Speed-dependent ice bandings in freezing colloidal suspensions

TL;DR

This study investigates how the speed of freezing affects ice bandings in colloidal suspensions, revealing that particle packing density and interface undercooling are key factors influencing the phenomenon.

Contribution

It proposes a mechanism linking particle packing density and interface undercooling to the formation of speed-dependent ice bandings, supported by quantitative experiments.

Findings

Particle packing density decreases with increasing pulling speed.

Speed-dependent packing influences curvature undercooling of pore ices.
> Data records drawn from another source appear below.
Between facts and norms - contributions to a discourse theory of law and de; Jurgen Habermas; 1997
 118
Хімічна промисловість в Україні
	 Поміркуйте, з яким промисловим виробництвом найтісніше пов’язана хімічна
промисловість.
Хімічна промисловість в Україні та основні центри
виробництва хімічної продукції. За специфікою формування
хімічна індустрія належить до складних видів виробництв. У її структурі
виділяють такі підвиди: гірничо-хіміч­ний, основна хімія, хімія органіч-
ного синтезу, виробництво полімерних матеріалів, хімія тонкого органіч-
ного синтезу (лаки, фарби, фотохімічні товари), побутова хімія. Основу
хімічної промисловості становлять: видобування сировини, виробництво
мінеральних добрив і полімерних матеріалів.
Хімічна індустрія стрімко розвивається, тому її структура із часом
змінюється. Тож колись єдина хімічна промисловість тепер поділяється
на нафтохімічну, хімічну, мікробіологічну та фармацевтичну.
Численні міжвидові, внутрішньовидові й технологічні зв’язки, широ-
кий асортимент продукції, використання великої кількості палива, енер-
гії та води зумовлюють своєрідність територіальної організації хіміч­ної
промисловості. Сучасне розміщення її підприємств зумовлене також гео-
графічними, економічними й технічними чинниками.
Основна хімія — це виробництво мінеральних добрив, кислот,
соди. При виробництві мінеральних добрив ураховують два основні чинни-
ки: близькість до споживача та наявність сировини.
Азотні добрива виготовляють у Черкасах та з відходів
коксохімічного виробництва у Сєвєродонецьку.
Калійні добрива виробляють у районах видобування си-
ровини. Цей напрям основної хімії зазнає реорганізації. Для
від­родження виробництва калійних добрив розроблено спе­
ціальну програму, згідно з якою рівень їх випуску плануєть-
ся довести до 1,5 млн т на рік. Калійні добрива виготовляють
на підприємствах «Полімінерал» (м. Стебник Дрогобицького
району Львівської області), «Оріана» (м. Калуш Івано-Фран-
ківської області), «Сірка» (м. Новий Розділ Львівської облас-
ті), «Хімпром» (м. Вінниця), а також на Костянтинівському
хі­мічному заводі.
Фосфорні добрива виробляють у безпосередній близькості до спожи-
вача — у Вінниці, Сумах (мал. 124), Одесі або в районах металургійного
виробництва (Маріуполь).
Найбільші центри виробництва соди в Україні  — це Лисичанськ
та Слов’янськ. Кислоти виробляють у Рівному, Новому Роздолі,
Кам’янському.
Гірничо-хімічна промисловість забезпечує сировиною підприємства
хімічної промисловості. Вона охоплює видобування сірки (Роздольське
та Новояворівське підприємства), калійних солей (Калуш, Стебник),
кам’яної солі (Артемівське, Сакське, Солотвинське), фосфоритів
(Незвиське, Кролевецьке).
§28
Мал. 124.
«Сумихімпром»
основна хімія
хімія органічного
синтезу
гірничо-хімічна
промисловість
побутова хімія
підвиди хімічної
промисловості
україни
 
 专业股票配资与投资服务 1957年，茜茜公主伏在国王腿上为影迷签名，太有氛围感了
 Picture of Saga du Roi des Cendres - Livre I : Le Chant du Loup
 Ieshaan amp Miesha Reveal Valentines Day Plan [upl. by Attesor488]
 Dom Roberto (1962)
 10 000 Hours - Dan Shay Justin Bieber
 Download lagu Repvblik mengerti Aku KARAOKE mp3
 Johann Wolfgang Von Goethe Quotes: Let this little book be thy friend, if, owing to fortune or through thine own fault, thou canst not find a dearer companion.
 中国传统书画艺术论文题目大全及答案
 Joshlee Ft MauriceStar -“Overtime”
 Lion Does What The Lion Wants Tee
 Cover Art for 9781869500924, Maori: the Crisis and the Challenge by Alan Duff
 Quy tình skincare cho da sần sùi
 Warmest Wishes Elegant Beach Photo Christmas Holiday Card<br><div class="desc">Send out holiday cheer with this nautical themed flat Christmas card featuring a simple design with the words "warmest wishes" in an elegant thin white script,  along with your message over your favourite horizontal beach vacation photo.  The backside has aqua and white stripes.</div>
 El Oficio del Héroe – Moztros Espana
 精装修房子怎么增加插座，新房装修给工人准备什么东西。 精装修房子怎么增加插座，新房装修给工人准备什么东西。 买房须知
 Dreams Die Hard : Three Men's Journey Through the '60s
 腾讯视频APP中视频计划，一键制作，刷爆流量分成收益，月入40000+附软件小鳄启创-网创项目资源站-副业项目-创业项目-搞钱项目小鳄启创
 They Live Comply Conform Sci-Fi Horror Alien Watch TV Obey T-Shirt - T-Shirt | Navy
Dynamic interface undercooling explains the variation in ice banding thickness.

Abstract

Formation mechanism of speed-dependent ice bandings in freezing colloidal suspensions, of significance in frost heaving and materials science, remains a mystery. With quantitative experiments, we propose a possible mechanism of speed-dependent ice bandings by focusing on the particle packing density and dynamic interface undercooling. The particle packing density ahead of the freezing interface decreases with increasing pulling speeds, attributed to the speed-dependent packing of particles. Through affecting the curvature undercooling of pore ices, the speed-dependent packing of particles can be used to explain speed-dependent thicknesses of ice bandings. The dynamic interface undercooling was obtained to explore curvature undercooling of pore ices and quantitative details of transient interface positions, speeds and undercooling were given. All the evidences imply that the speed-dependent particle packing and dynamic interface undercooling are responsible for speed-dependent ice bandings.